[Records from a data source]
>>

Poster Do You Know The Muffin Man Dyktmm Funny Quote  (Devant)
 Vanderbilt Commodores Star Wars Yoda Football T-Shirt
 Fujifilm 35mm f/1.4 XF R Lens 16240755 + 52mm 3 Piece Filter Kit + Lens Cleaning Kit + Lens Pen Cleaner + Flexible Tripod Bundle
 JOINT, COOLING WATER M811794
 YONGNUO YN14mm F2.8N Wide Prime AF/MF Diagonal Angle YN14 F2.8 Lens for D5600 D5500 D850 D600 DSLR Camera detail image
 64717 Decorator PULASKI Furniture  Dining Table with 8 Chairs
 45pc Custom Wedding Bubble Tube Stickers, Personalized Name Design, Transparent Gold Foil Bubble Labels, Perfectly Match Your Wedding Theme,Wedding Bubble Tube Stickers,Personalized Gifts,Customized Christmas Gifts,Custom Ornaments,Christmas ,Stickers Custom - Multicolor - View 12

<<

**Exercise details**:
From the records above, print only the lines between the one holding "Vanderbilt Commodores Star" and the one holding "JOINT, COOLING WATER M811794", inclusive, exactly as they stand.

**Response to this exercise**:
 Vanderbilt Commodores Star Wars Yoda Football T-Shirt
 Fujifilm 35mm f/1.4 XF R Lens 16240755 + 52mm 3 Piece Filter Kit + Lens Cleaning Kit + Lens Pen Cleaner + Flexible Tripod Bundle
 JOINT, COOLING WATER M811794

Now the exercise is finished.